Work task:
Pictures are to be left out, and only the lines below starting at the one with "2009 분야별 예술강사 현황" and ending at the one with "Grafik Tagesertrag" are to be reproduced, each exactly, both ends included.
*** Material for this exercise ***
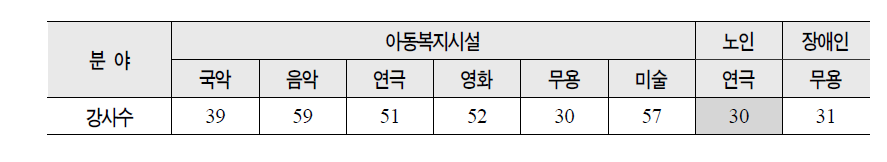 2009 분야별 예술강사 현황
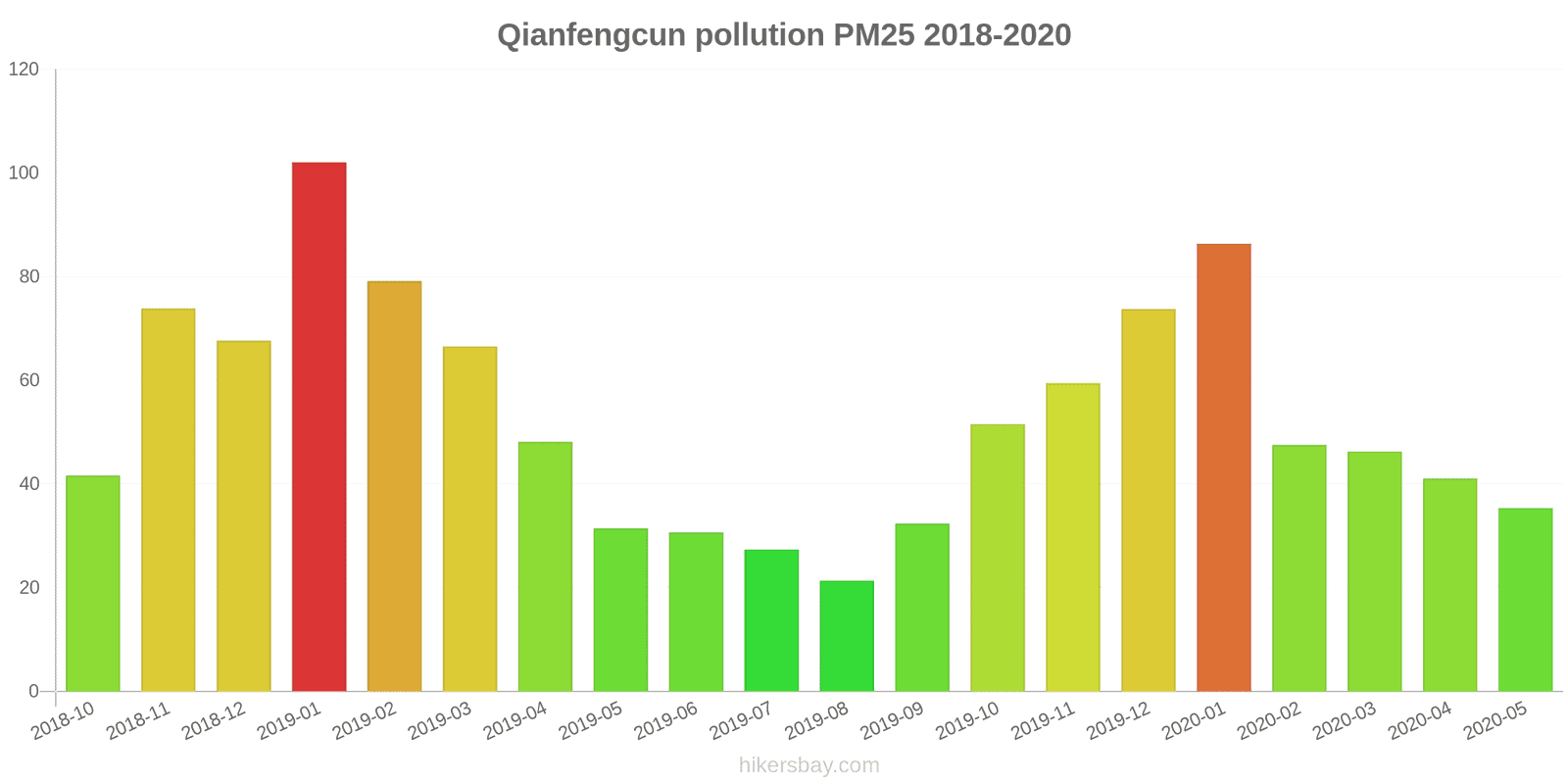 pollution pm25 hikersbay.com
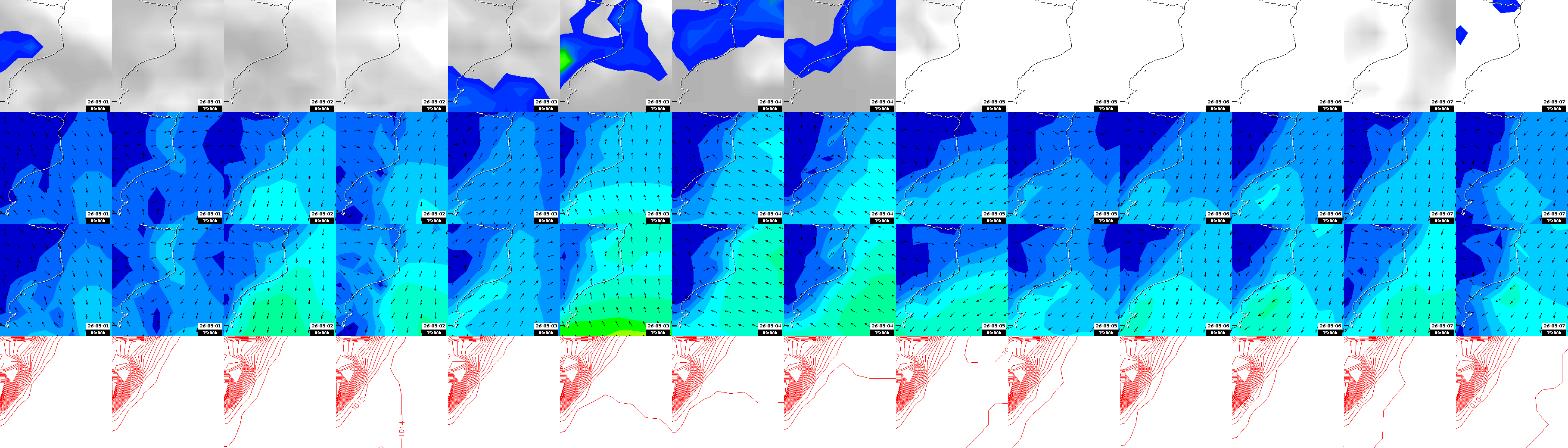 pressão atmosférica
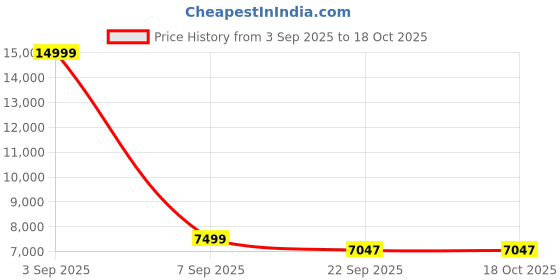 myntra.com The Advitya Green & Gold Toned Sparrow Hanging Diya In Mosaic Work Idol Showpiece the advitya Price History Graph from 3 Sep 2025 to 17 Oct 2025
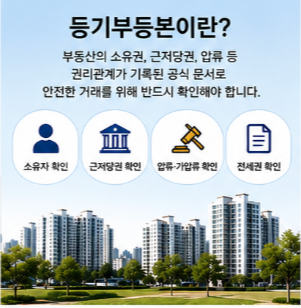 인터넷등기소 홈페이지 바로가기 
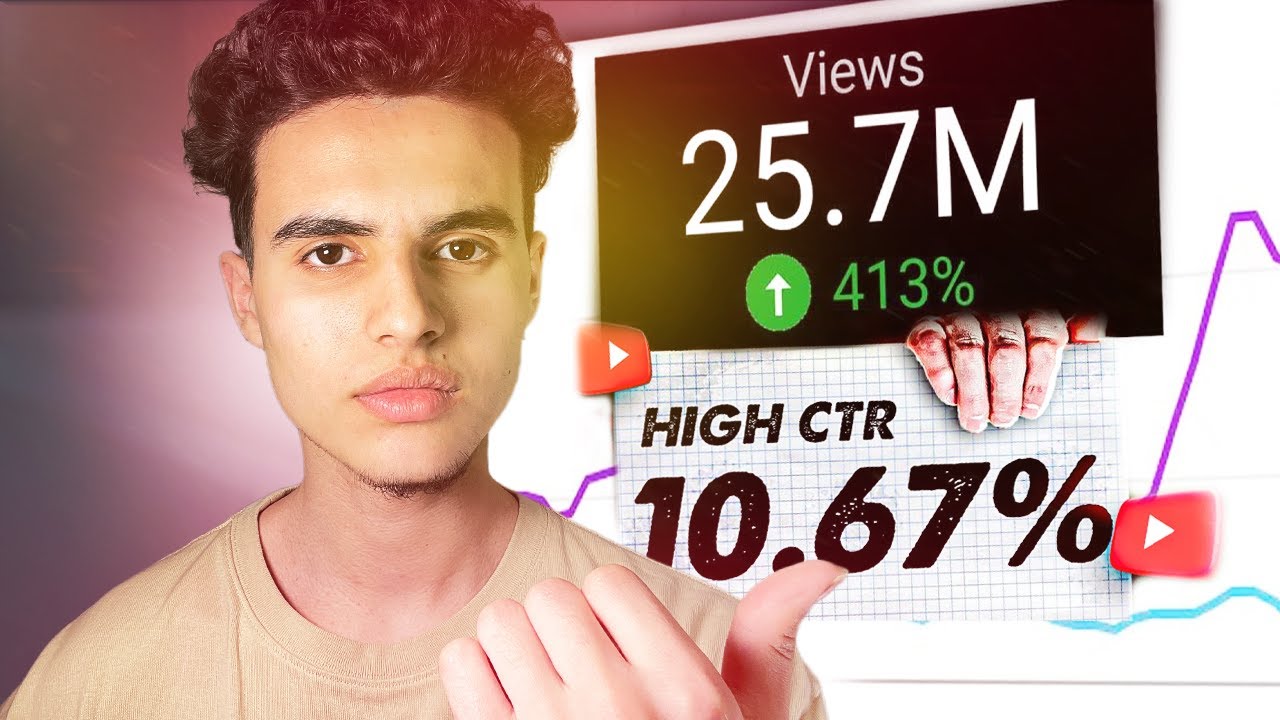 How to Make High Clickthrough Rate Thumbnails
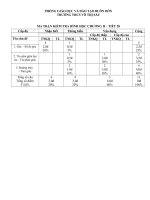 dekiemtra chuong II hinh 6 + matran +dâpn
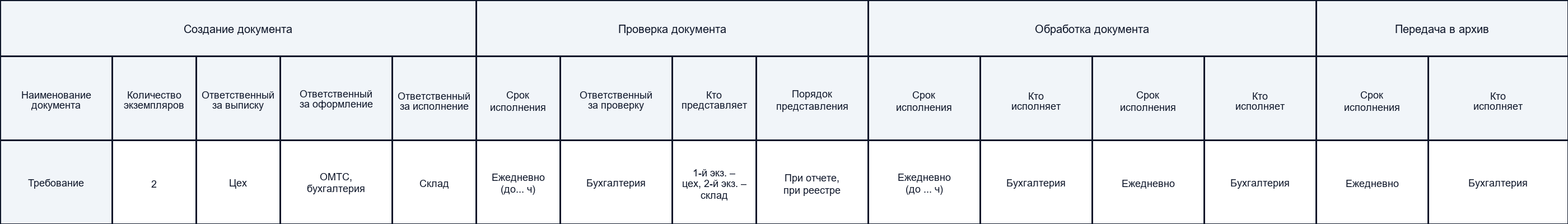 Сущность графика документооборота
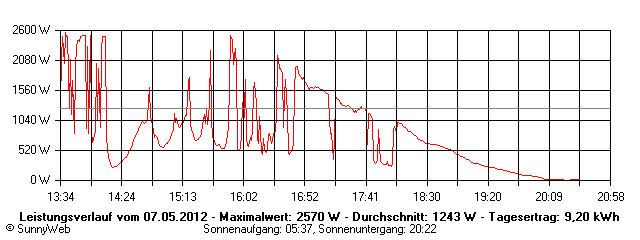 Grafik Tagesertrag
*** End of Material for this exercise ***
*** Material for this exercise ***
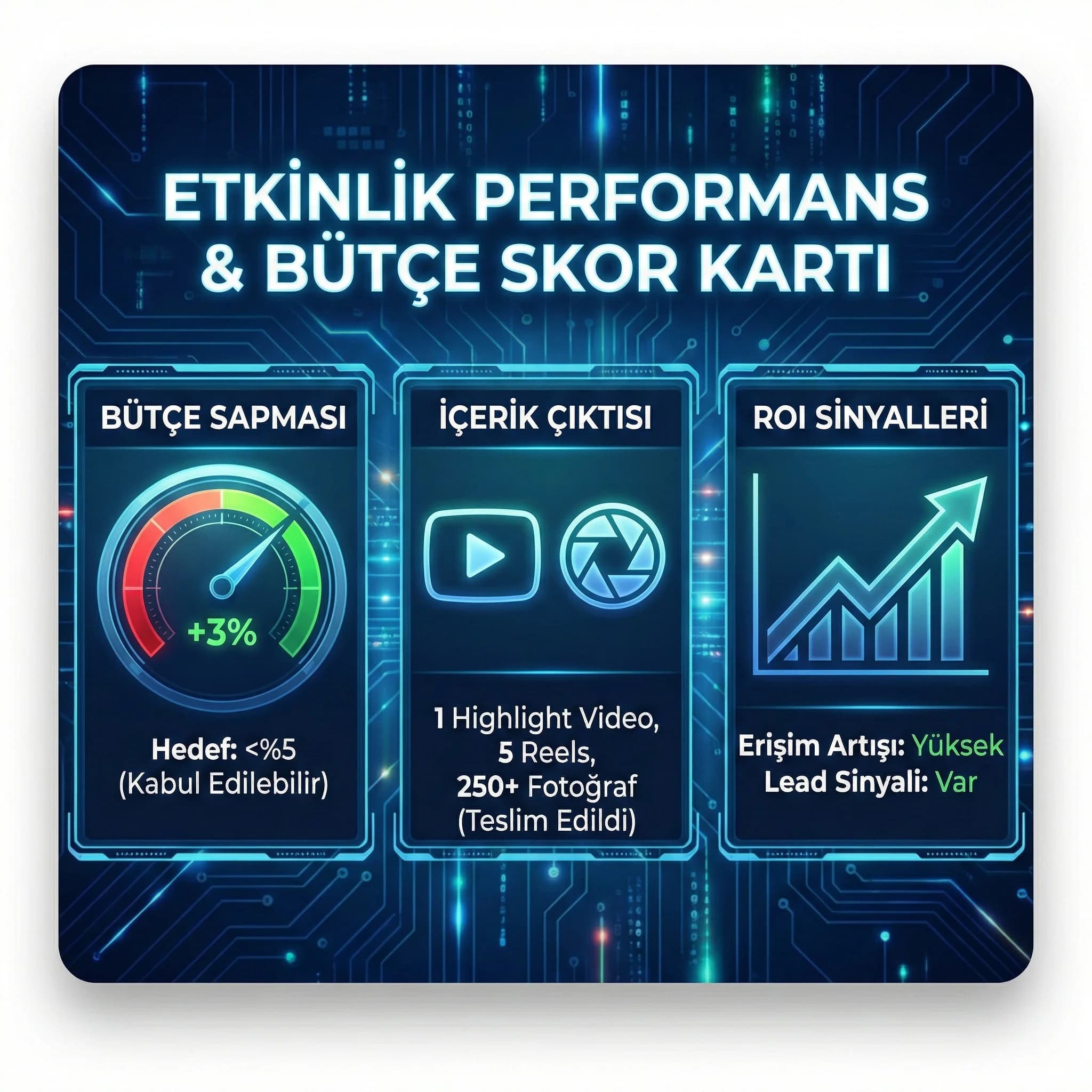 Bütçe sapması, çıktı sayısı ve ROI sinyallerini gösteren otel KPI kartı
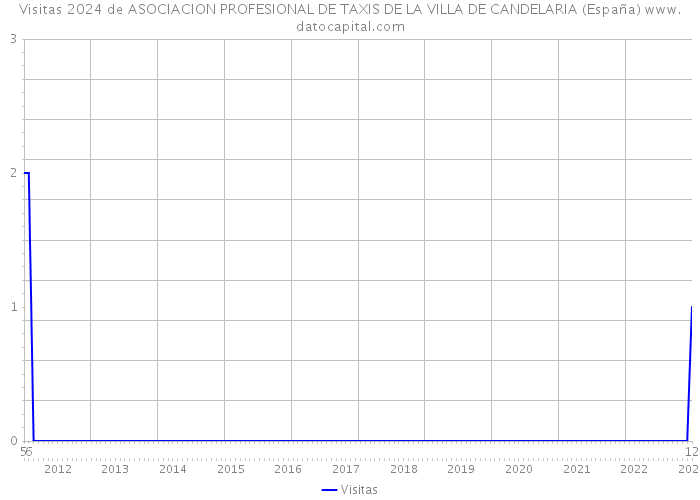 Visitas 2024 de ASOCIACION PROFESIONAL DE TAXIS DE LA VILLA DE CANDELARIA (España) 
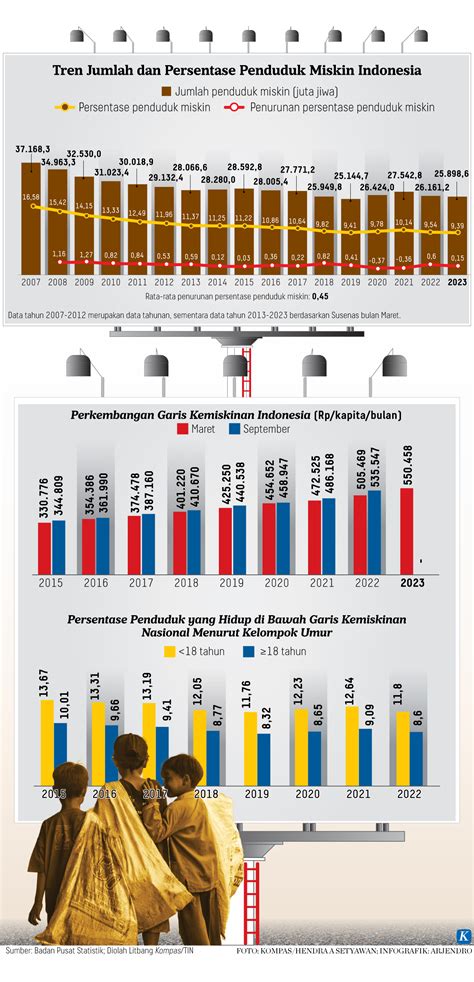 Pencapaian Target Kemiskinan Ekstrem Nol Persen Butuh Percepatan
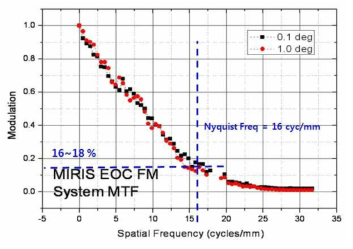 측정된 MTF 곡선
*** End of Material for this exercise ***
Reply to the task:
 2009 분야별 예술강사 현황
 pollution pm25 hikersbay.com
 pressão atmosférica
 myntra.com The Advitya Green & Gold Toned Sparrow Hanging Diya In Mosaic Work Idol Showpiece the advitya Price History Graph from 3 Sep 2025 to 17 Oct 2025
 인터넷등기소 홈페이지 바로가기 
 How to Make High Clickthrough Rate Thumbnails
 dekiemtra chuong II hinh 6 + matran +dâpn
 Сущность графика документооборота
 Grafik Tagesertrag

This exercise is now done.